Short web captions
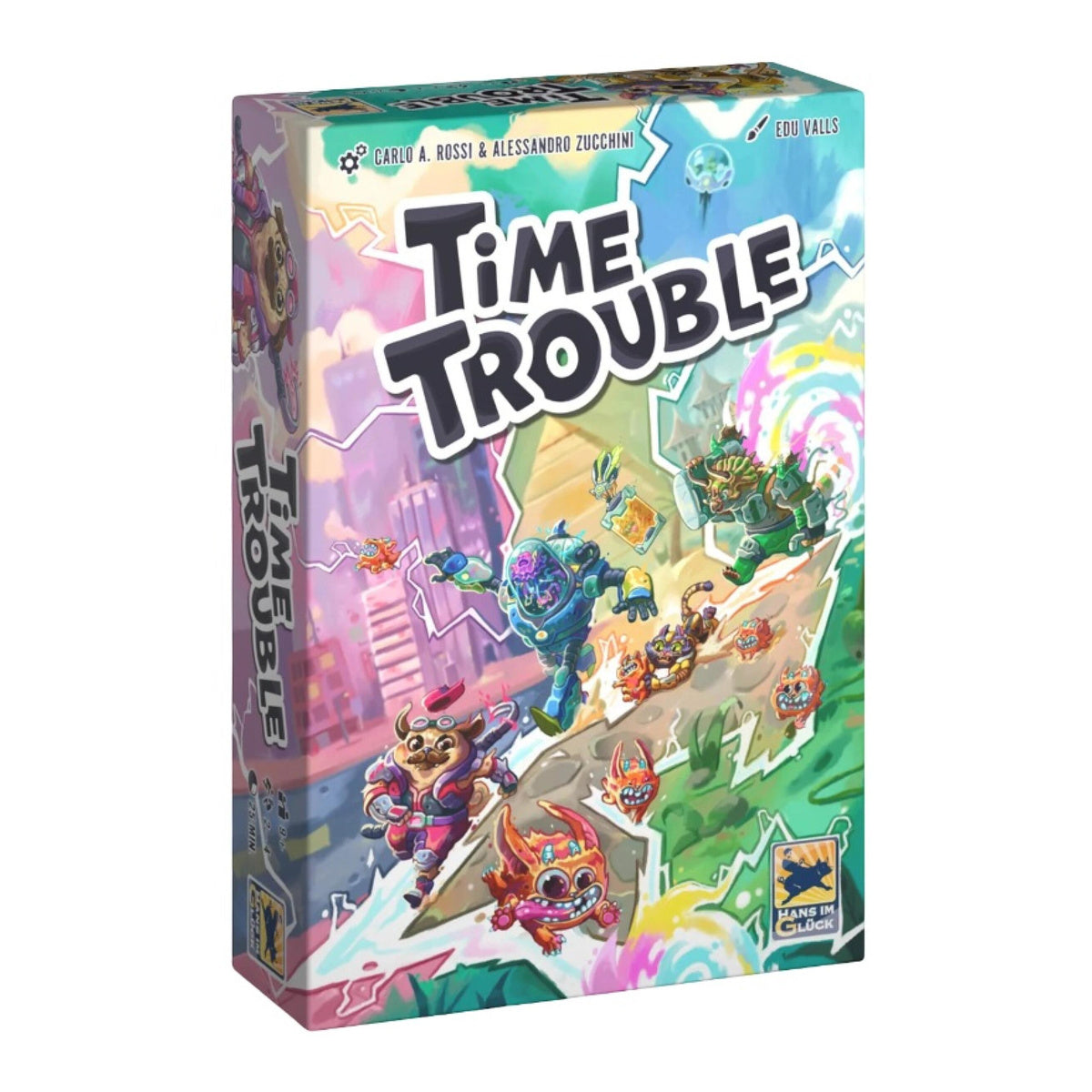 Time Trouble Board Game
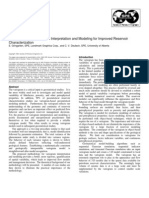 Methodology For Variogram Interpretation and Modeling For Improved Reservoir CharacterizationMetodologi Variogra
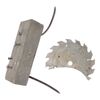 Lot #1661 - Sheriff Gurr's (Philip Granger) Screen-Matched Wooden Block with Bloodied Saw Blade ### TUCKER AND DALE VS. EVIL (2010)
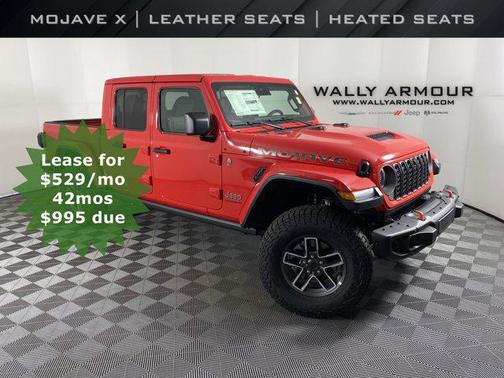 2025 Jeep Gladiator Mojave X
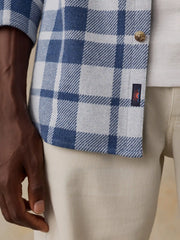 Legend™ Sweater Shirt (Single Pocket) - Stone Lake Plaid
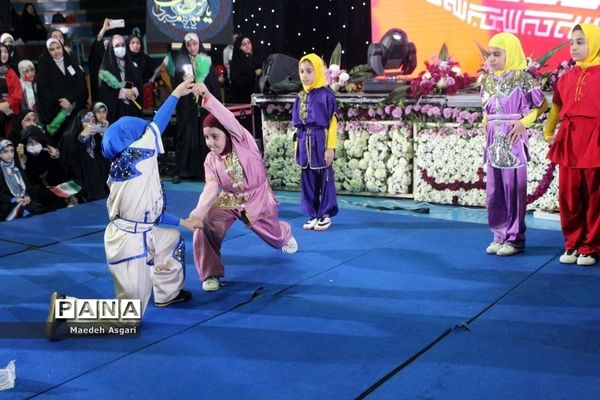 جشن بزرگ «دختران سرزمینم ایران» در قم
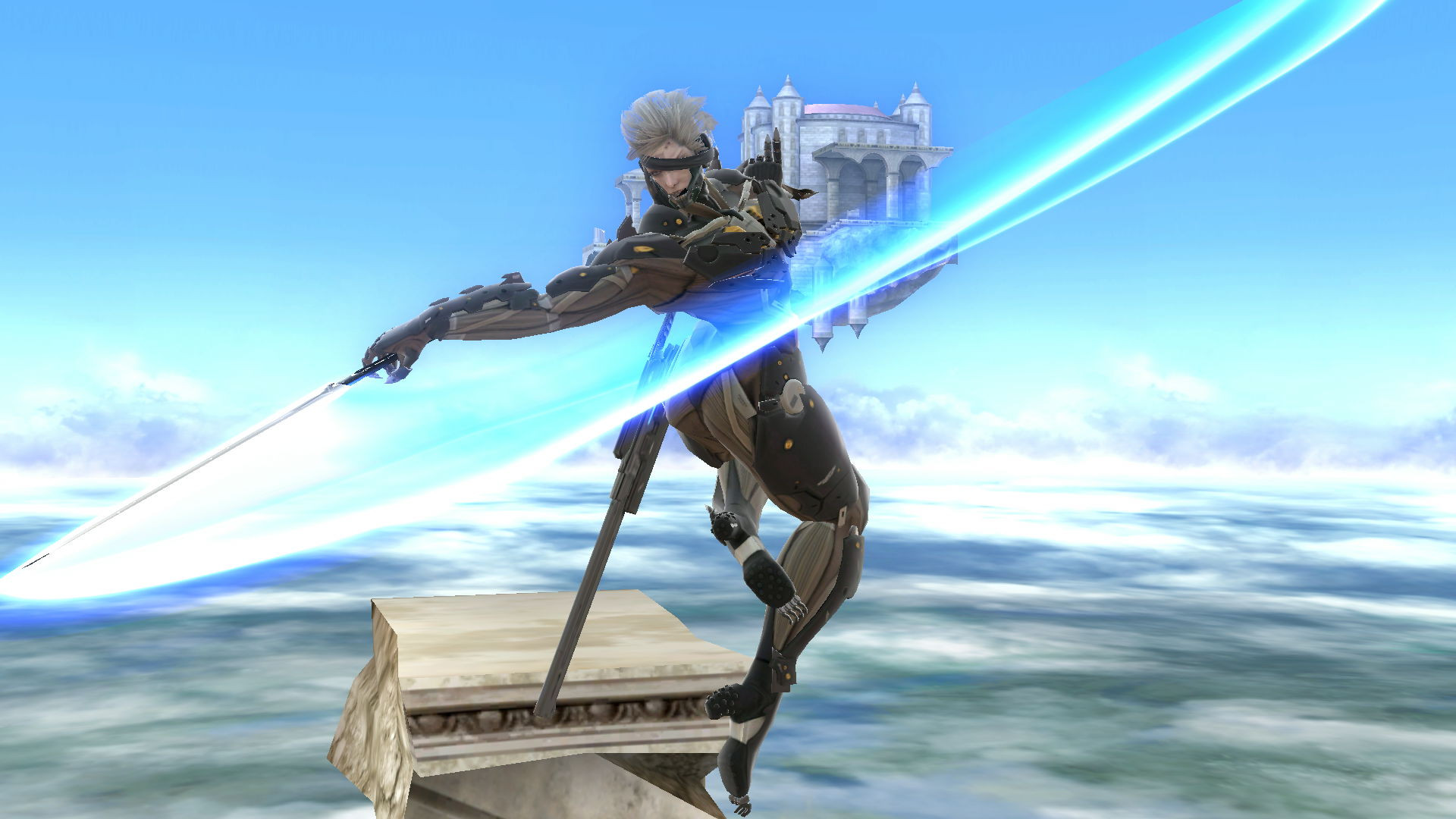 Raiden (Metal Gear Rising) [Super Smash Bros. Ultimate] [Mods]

● **What is being asked**: All of the entries must be reproduced exactly, apart from the pictures, which are to be dropped.

● **Exercise answer**:
 Time Trouble Board Game
 Methodology For Variogram Interpretation and Modeling For Improved Reservoir CharacterizationMetodologi Variogra
 Lot #1661 - Sheriff Gurr's (Philip Granger) Screen-Matched Wooden Block with Bloodied Saw Blade ### TUCKER AND DALE VS. EVIL (2010)
 2025 Jeep Gladiator Mojave X
 Legend™ Sweater Shirt (Single Pocket) - Stone Lake Plaid
 جشن بزرگ «دختران سرزمینم ایران» در قم
 Raiden (Metal Gear Rising) [Super Smash Bros. Ultimate] [Mods]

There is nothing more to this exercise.